Avevo un anno e mezzo. Abitavamo da poco a Milano. Quando accadde, mio padre decise che sarebbe andato ai funerali delle vittime. Molti erano già sicuri della matrice terroristica. La cerimonia fu partecipata, migliaia di milanesi erano presenti, silenziosi, attoniti. Papà mi raccontava la strana atmosfera allo sfilare delle bare. Anche il cielo era divenuto oscuro, color del piombo. La storia ha coperto i responsabili ma ha reso la verità più chiara a chi ha voluto leggere oltre le appartenenze.
La polvere si muove nell’aria seguendo le correnti
invisibili che entrano dalle vetrate in frantumi. Il silenzio. Piccoli incendi
divampano nei mucchietti di carte e indumenti. Cadono frammenti di marmo dalle
pareti rivestite. Sul pavimento, lunghe strisce di sangue terminano sui vestiti
dei fattori, dei bovari, arrivati in città per gli affari.
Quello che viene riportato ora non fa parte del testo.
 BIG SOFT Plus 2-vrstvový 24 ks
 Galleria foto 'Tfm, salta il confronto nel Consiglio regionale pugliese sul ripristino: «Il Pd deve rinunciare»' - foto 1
Una valigia, una
scarpa, un urlo di chi cerca i suoi brandelli di carne. Le figure, in piedi,
come fantasmi, barcollano sorde, in cerca dell’uscita. La città è fuori, e sul
marciapiede sembra non esserci nessuno. La piazza si riempie di fari, luci
arancioni, voci e lamenti. In mezzo all’ampio salone si apre la voragine per il
centro dell’abisso. Le anime ci entrano, fino a scendere all’inferno. Lo puoi
vedere, il vuoto che lascia quel pozzo dentro lo stomaco delle persone che si
affacciano lungo l’orlo. Ci sono i fogli per terra, ma non ti serviranno.
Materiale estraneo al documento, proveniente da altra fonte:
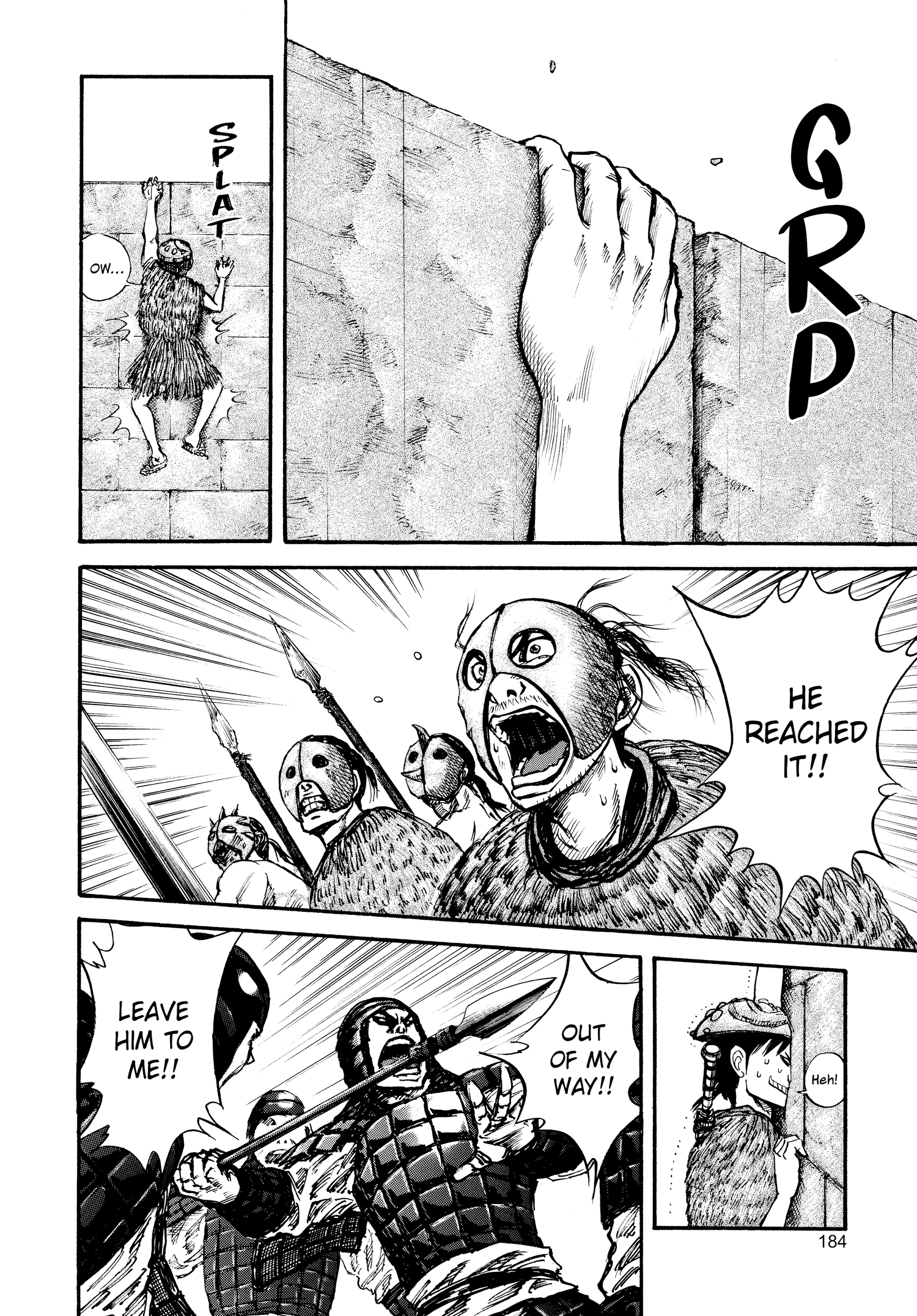 Kingdom Official Japanese Version Chap 29 - Next Chap 30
Quando stasera i ragazzi ti avranno aspettato invano per cena, dopo aver dato
da mangiare alle bestie, qualcuno bussera’ alla porta. Aprirà il figlio, quello
maggiore, al quale hai giurato di passare l’azienda, con i cavalli e le vacche.
Perché gli hai raccontato che solo la terra non avrebbe mentito anche quando
l’avresti bagnata col sangue. Un carabiniere giovane, mandato dalla caserma,
dirà ai tuoi, che è successo qualcosa a Milano, una bomba dentro una banca. Il
toro ora sbuffa, nella stalla. Lo hai strigliato prima di andare. E’ il maschio
da esibire alla fiere, quello che ti darà la progenie migliore. L’occhio triste
della bestia guarda invano nel buio come a cercare il padrone che gli stringa
il giogo. Il tuo ultimo respiro a fissare il solaio annerito dal fumo. La
bestia ora china il capo, perché, prima o poi, arriverà il beccaio e tu, Alfio, non sarai lì a fermare la sua mano.